The earliest story relates how British monk and missionary St. Boniface (born Winfrid in A.D. 680) was preaching a sermon on the Nativity to a tribe of Germanic Druids outside the town of Geismar. To convince the idolaters that the oak tree was not sacred and inviolable, the "Apostle of Germany" felled one on the spot. Toppling, it crushed every shrub in its path except for a small fir sapling. A chance event can lend itself to numerous interpretations, and legend has it that Boniface, attempting to win converts, interpreted the fir’s survival as a miracle, concluding, "Let this be called the tree of the Christ Child." Subsequent Christmases in Germany were celebrated by planting fir saplings.

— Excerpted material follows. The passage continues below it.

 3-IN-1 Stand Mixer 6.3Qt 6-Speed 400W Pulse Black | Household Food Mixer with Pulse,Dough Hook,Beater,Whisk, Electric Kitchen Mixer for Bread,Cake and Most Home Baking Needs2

We do know with greater authority that by the sixteenth century, fir trees, indoors and out, were decorated to commemorate Christmas in Germany. It is a widely held belief that Martin Luther, the sixteenth-century Protestant reformer, first added lighted candles to a tree. Walking toward his home one winter evening, composing a sermon, he was awed by the brilliance of stars twinkling amidst evergreens. To recapture the scene for his family, he erected a tree in the main room and wired its branches with lighted candles. By the 1700s, the Christbaum, or "Christ tree," was a firmly established tradition.

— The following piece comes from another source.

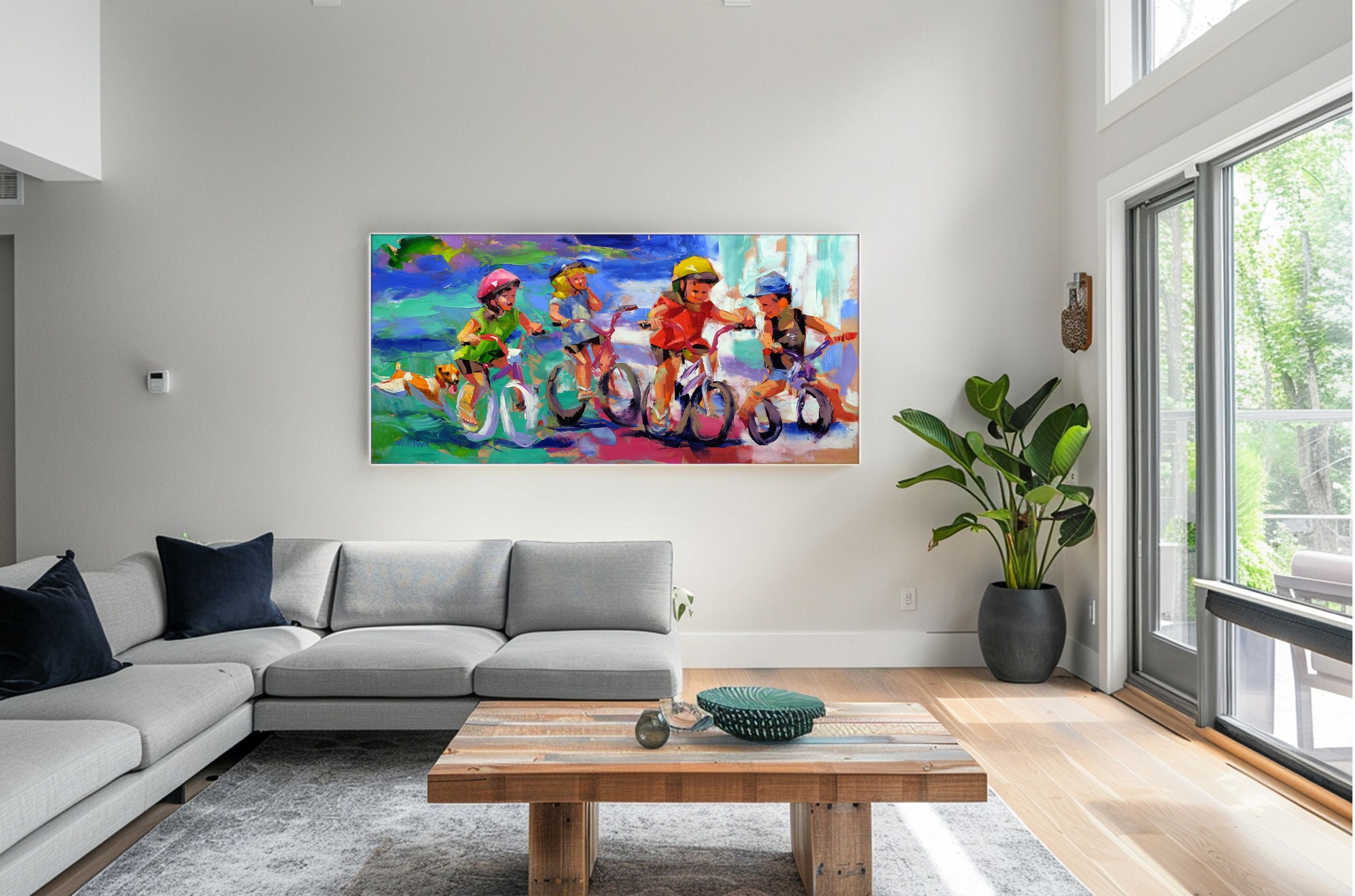 Summertime Riding 80x170cm Oil On Canvas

The claim of the Pennsylvania Germans to have initiated the Christmas tree custom in America is undisputed today. And it’s in the diary of Matthew Zahm of Lancaster, Pennsylvania, under the date December 20, 1821, that the Christmas tree and its myriad decorations received their first mention in the New World.
Interestingly, Godey’s Lady’s Book, the women’s publication of the 1800s that did so much to nationalize Thanksgiving, also played a role in popularizing festive Christmas practices. Through its lighthearted and humorous drawings, its household-decorating hints, its recipes for Christmas confections and meals, and its instructions for homemade tree ornaments, the magazine convinced thousands of housewives that the Nativity was not just a holy day but could also be a festive holiday.
Xmas, the familiar abbreviation for Christmas originated in the Greeks. X is the first letter of the Greek word for Christ, Xristos. By the sixteen century, “Xmas” was popular throughout Europe. Whereas early Christians had understood that the term merely was Greek for “Christ’s mass.” later Christians, unfamiliar with the Greek reference, mistook the X as a sign of disrespect, and attempt by heathen to rid Christmas of its central meaning. For several hundred years, Christians disapproved of the use of the term. Some still do (From a book called Panati’s Extraordinary Origins of Everyday Things by Charles Panati: Harper & Row).
The custom of a Christmas tree, undecorated, is believed to have begun in Germany, in the first half of the 700s.
A forest ordinance from Ammerschweier, Alsace, dated 1561, states that "no burgher shall have for Christmas more than one bush of more than eight shoes’ length." The decorations hung on a tree in that time, the earliest we have evidence of, were "roses cut of many-colored paper, apples, wafers, gilt, sugar."